The central bank says it's in the middle of a multi-year programme to establish the future of cash.
But it has already found that despite an increase in cash in circulation, New Zealand is becoming a society that uses little cash.
Seven Sharp reported that for the 34 years since EFTPOS was introduced, the idea of a cashless future has always been a distant possibility.
But that future has finally arrived.
For example they won't accept cash at a Ben and Jerry's ice cream shop opened at Wellington airport less than two weeks ago.
And they are legally allowed to refuse cash, said Assistant Governor of the Reserve Bank, Christian Hawkesby.
"At the moment there is no legal obligation for a retailer to accept cash. The only legal obligation is for the Government to accept cash in the form of taxes and to be able to pay off your debts in New Zealand dollars," Mr Hawkesby said.
At the moment cash costs us money. We pay a Canadian company to make it, we have to move it, store it and distribute it - all with security.
Yet it's increasingly being held overseas in foreign countries, while Kiwis seem to be using it less.

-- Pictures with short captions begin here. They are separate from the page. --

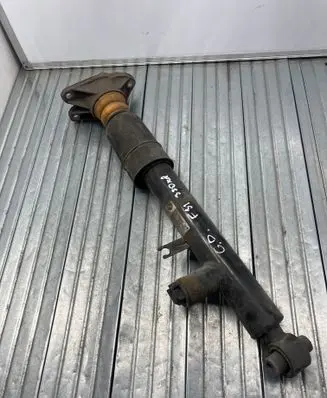 BMW 3 F30 F35 F31 Rear shock absorber/damper 6793911 108176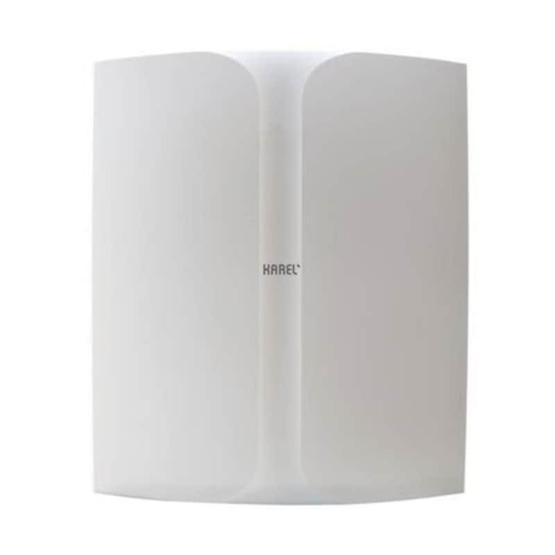 Karel MS 48C 8-24 Kapasiteli Telefon Santrali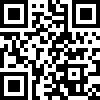https://mehrnews.com/x3dpXs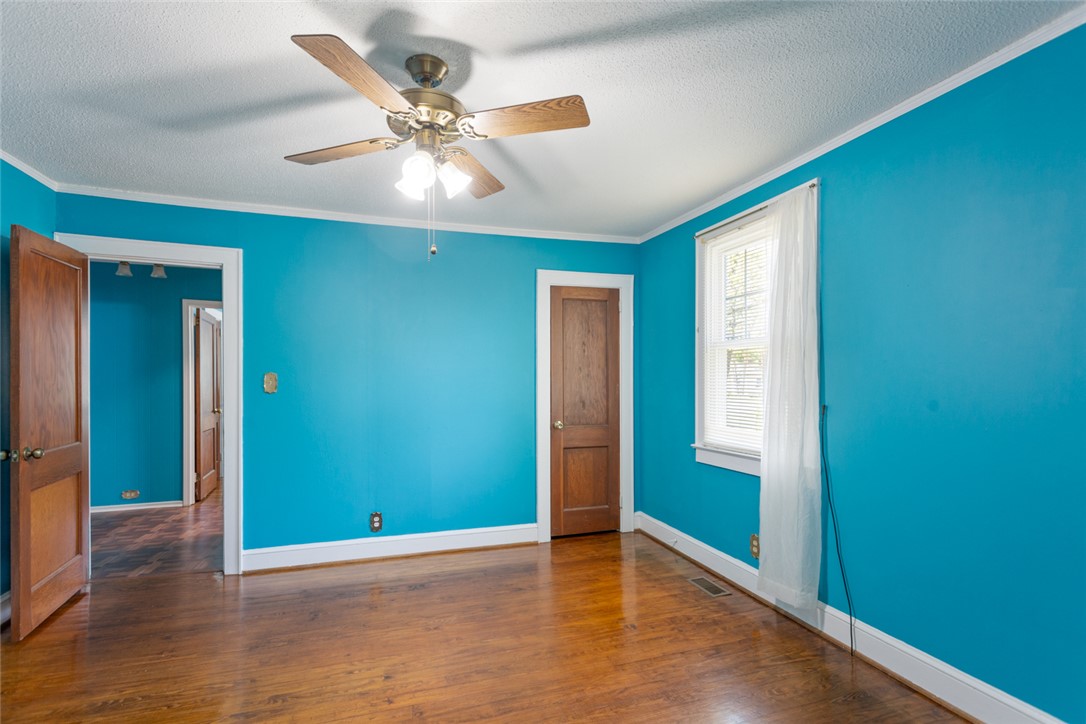 2616 Duncan Street, Anderson, South Carolina image 29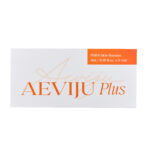 AEVIJU PLUS Skinbooster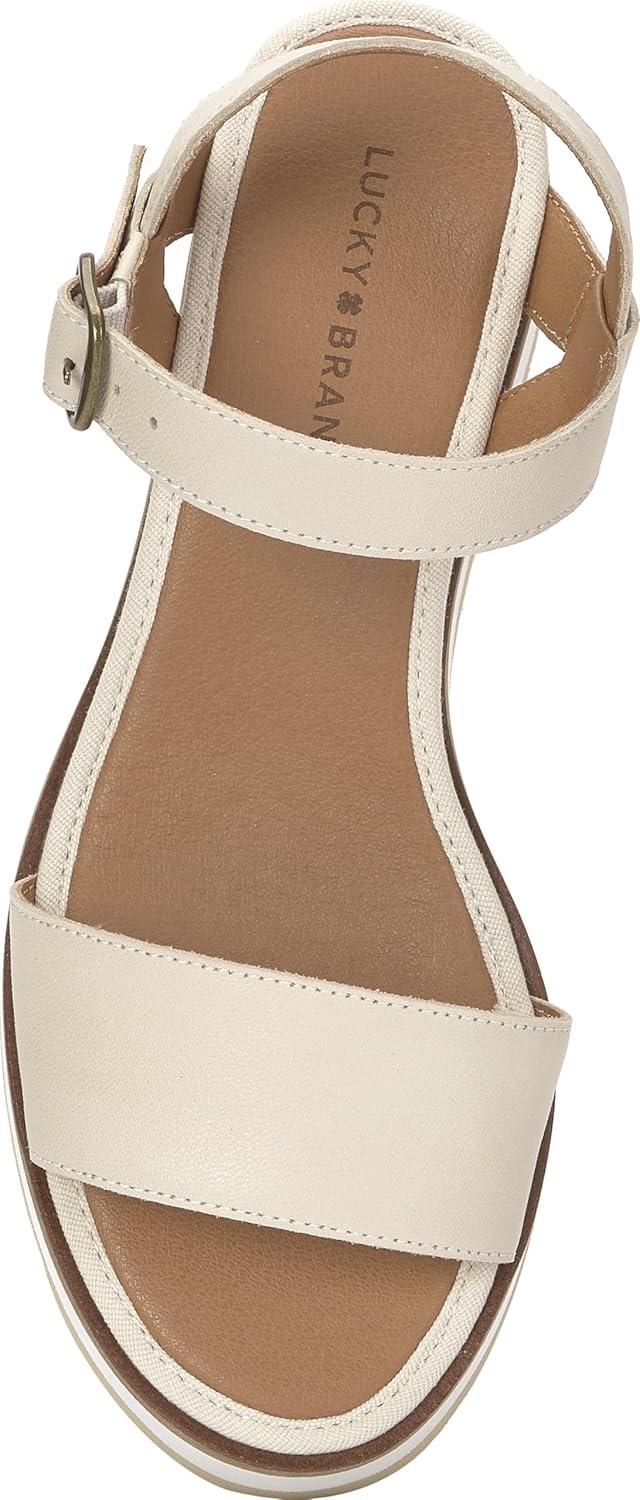 image:imageLucky Brand womens TemayTusk
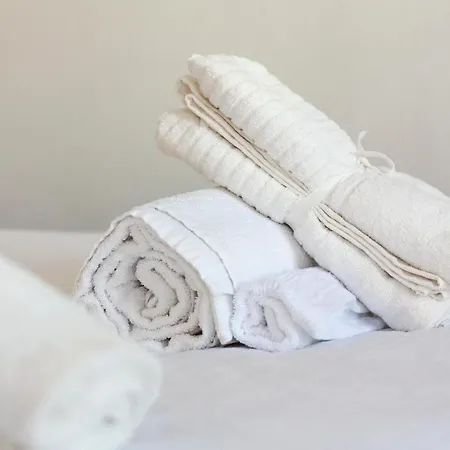 Casa Oceano-ave Do Mar Raposeira (Faro)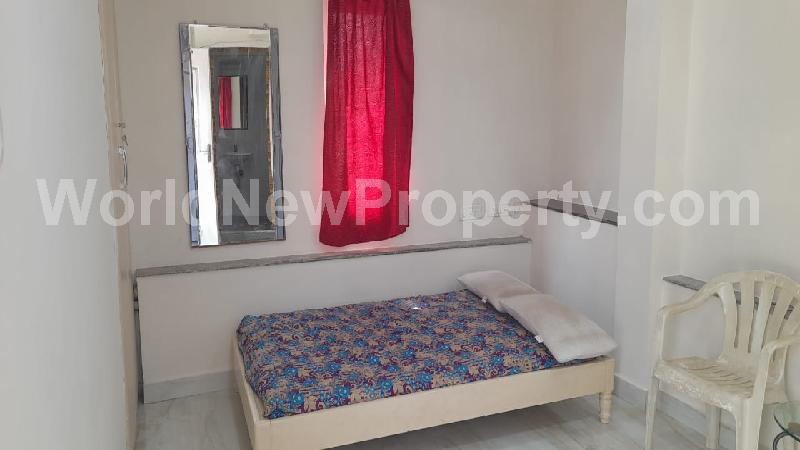 property near by Mogappair, Meena real estate Mogappair, Residental for Rent in Mogappair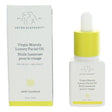 Drunk Elephant Virgin Marula Luxury Facial Oil, .5oz Facial Oil - OleBella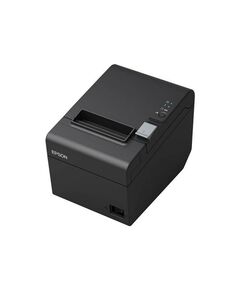 Epson TM T20III Receipt printer thermal line C31CH51012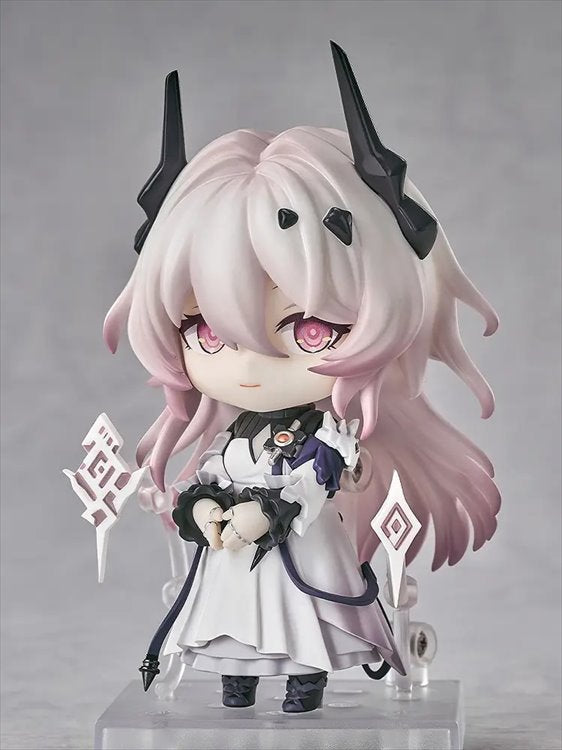 Arknights - Civilight Eterna Nendoroid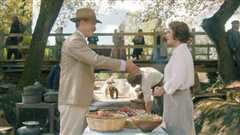 德雷尔一家 第二季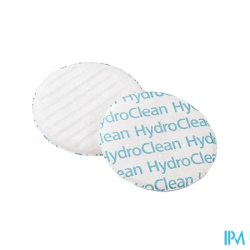 HYDROCLEAN ADVANCE PANS 4CM 10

There are still pockets of society that are still quite reliant on cash- Christian Hawkesby, Assistant Governor of the Reserve Bank
But cash is entrenched in our lives. The pre-electronic elderly rely on it, as do the homeless begging, and some members of the disabled community prefer it.
"There are still pockets of society that are still quite reliant on cash - those people who aren't using internet banking, people in rural areas, parts of the Maori community who are more reliant on cash than other parts of society," Mr Hawkesby said.
And cash has cultural significance for many, whether part of the Tongan Tau'olunga, the the Maori koha, or the Italian la borsa.
Then, there are churches, casinos, prostitutes, school raffles - cash is embedded in our system.
So do we have the right to live off the grid without our payments being tracked?
"It's really just something that you take for granted It's part of the fabric of society that you grow up and your parents give you pocket money in notes and coins," Mr Hawkesby said.
"It's been part of their lives their whole time and they've never really thought to step back and go, 'why is it that cash exists? Why is it that people accept these bits of paper or these bits of plastic when I hand them over. And what value sits behind those?'"
But the law telling the Reserve Bank what to do is from the 1980s, just after EFTPOS first came out.
"The Reserve Bank Act is very general. At the moment it's simply put as 'meeting the public's demand for cash'," Mr Hawkesby said.
So the Reserve Bank wants to know, "Do people want to have the right to be able to pay in cash?"
If you've got some thoughts on the future of cash, have you say on the Reserve Bank website.